**Listed records:**
________
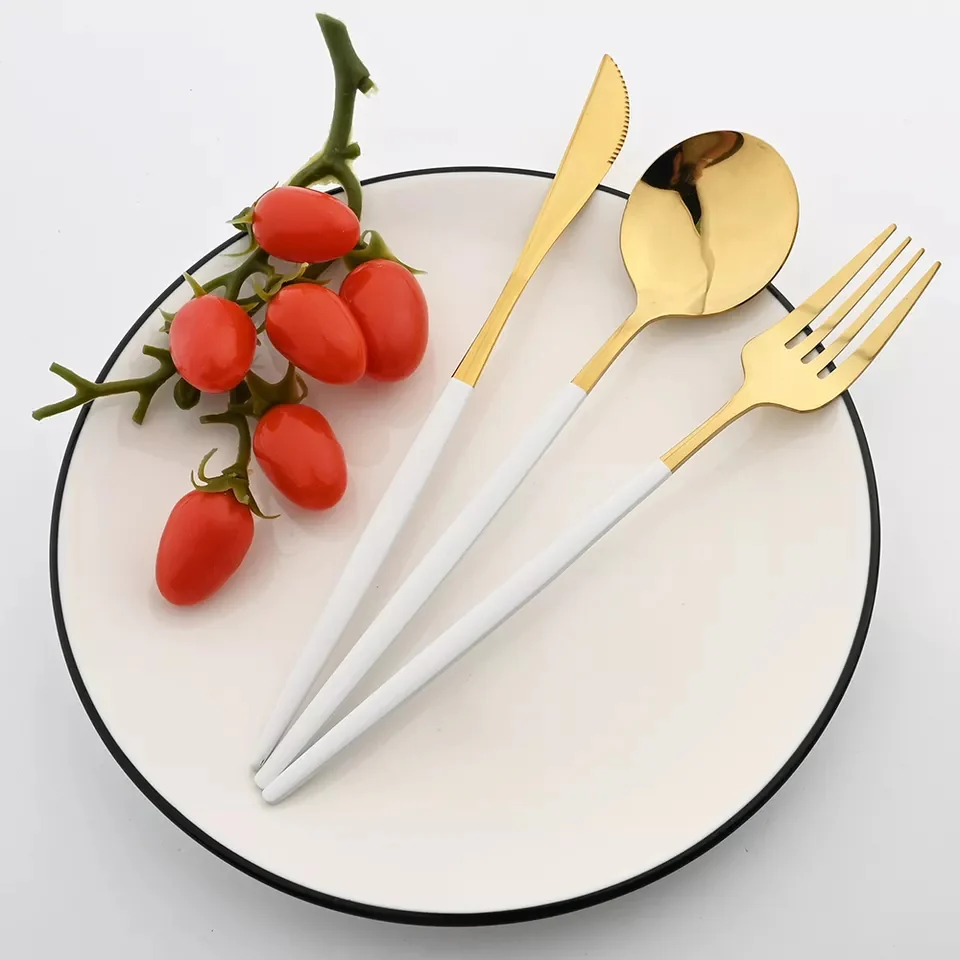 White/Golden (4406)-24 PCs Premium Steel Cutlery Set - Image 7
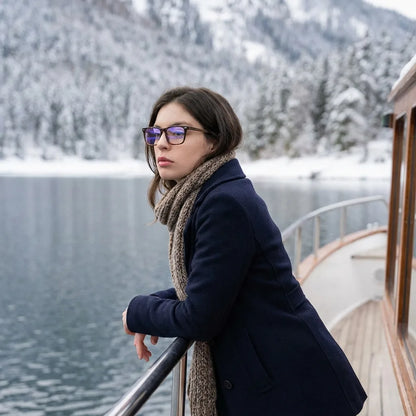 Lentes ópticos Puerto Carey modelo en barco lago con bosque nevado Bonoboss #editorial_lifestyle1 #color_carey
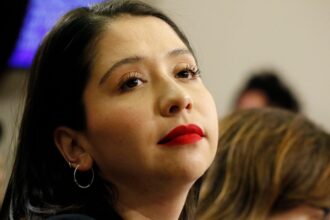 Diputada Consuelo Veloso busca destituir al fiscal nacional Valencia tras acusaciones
________
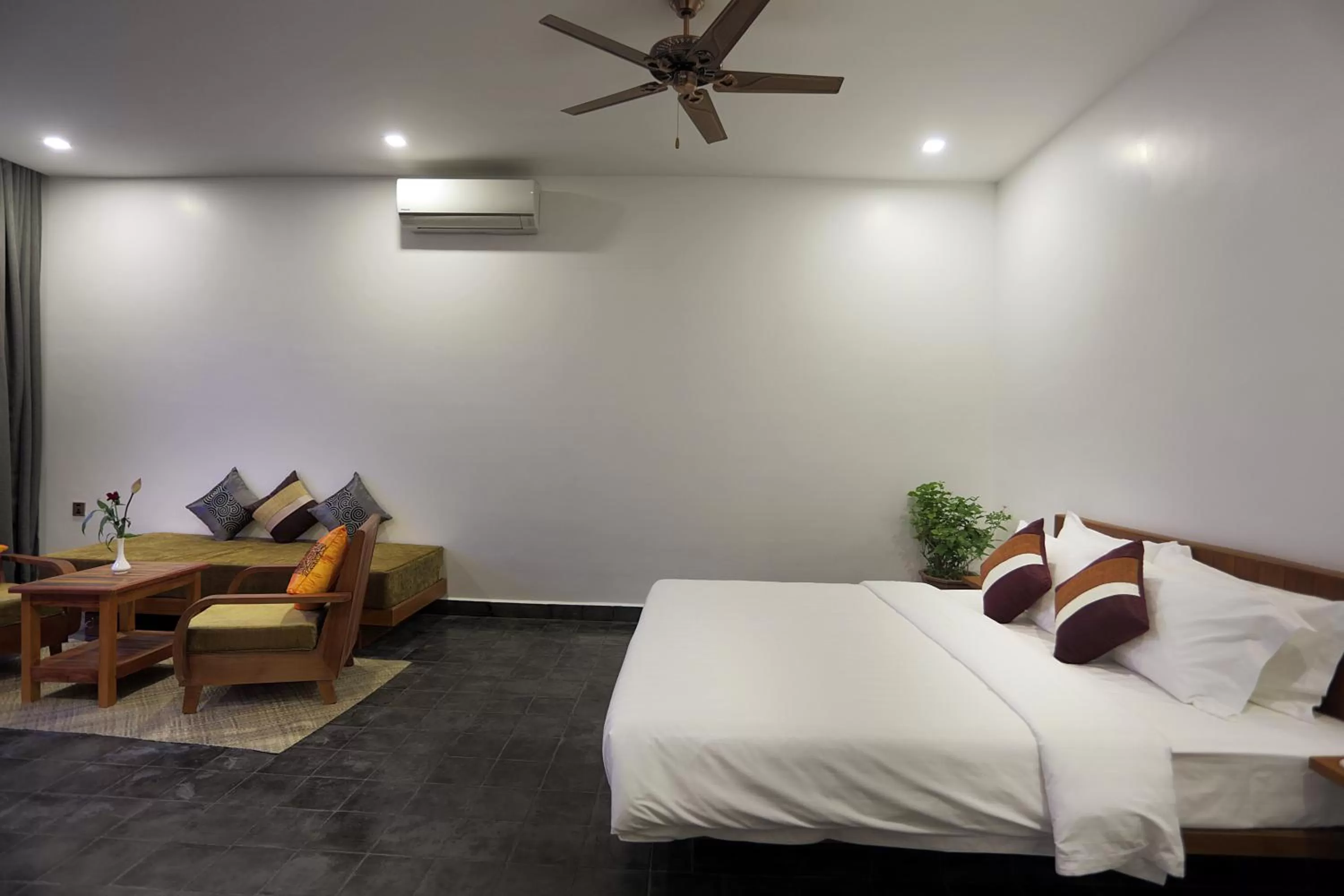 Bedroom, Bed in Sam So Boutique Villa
________
**Problem description:** Everything between and including the line above containing "Lentes ópticos Puerto" and the line containing "Diputada Consuelo Veloso" should be reproduced exactly, with pictures excluded.

**Exercise response:**
 Lentes ópticos Puerto Carey modelo en barco lago con bosque nevado Bonoboss #editorial_lifestyle1 #color_carey
 Diputada Consuelo Veloso busca destituir al fiscal nacional Valencia tras acusaciones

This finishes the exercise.